Nova Scotia teachers don’t want to show us their own report cards.

The Halifax regional school board is planning to start releasing school-by-school results of standardized testing. But the union representing the people who teach the municipality’s 52,000 students are opposed to the move.

“This is a form of ranking,” said Alexis Allen, president of the Nova Scotia Teachers Union. “The school board is indicating collectively how they compare with other schools, and I think that sets up a school for failure.”

Publicizing low marks on the tests will hurt school morale, she said.

“Then you’re under the microscope, and people are looking, saying, ‘Well, why didn’t your school do as well as that other school down the street?’ ” Ms. Allen said.

She questions how posting the results on the Internet will help students learn.

“If more literacy support or more math support is required, the school board can say, ‘Let’s support that school by providing more.’ They don’t need to post it there for all to see, and that’s a real concern.”

The testing, which does not affect students’ marks, fails to take into account contributing factors such as class sizes and socio-economic conditions, she said.

“All you get is a snapshot,” Ms. Allen said. “I see no value in this.”

Howard Windsor has been acting as a one-man school board since December 2006, when Education Minister Karen Casey dismissed the elected board because of infighting. A new board will be elected next month.

Board superintendent Carole Olsen, who insisted the literacy and math tests in question be called assessments, said publishing test results is not meant to be a form of ranking schools.

“What we’re trying to do now is to set the standard that every school over the next five years will demonstrate some improvements against itself,” Ms. Olsen said.

“The purpose of this is to show where we’re strong in terms of our programs and show where there are some areas where we can improve.”

No decision has made yet about what grade level results will be released publicly, she said.

The issue will come before the board later this month “so that we can be open and transparent and accountable for how we’re going to go about improving student achievement for all of our students,” Ms.
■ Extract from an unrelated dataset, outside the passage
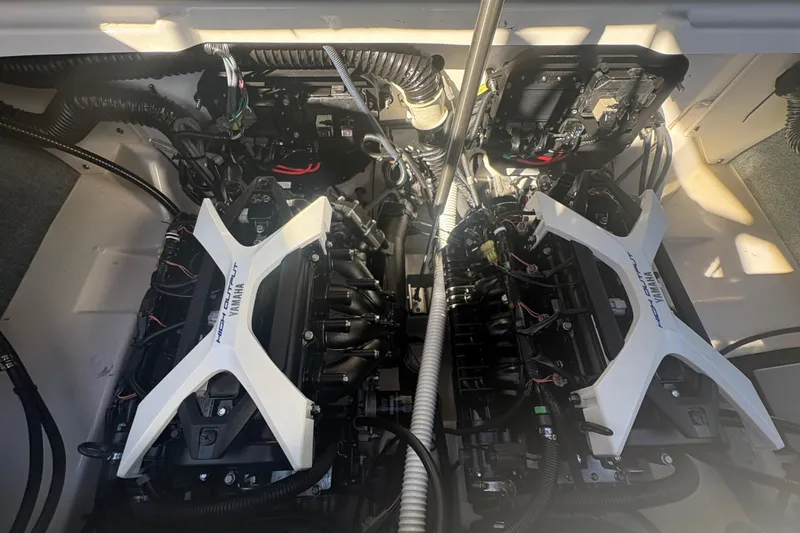 Slide: The Image of 2025 Yamaha AR250 boat engine compartment with dual high-output engines. - 19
Olsen said.

Publishing test results “allows people to focus their energies on real problems,” said Charles Cirtwill, president of the Atlantic Institute for Market Studies, which has produced a report card on the province’s schools for six years. “It allows you to identify schools that are doing well in areas where you’re not, so it encourages you to pick up the phone and call them.”

He had several ideas about why teachers don’t want the test results posted online.

“People are uncomfortable with having their work assessed,” Mr. Cirtwill said. “And, of course, the unions are worried that this is going to lead to the next step around school choice, that it’s going to attack their monopoly control over the supply of education services in the province. And then there’s the entire question around actually shifting the balance of power in the education system. The more parents and students know, the more they’re able to actually take control.”

The province’s Education Department conducts standardized testing on students in grades 3, 6, 9 and 12. Some of the results have been available on the Internet since 2003.

“We do it for Grade 6 at the moment, and this 2007 Minister’s Report to Parents — that’s going to have school-by-school breakdowns in early elementary math, that’s Grade 3 math; early elementary literacy, which is Grade 3 literacy; and the junior high literacy exam,” department spokesman Peter McLaughlin said.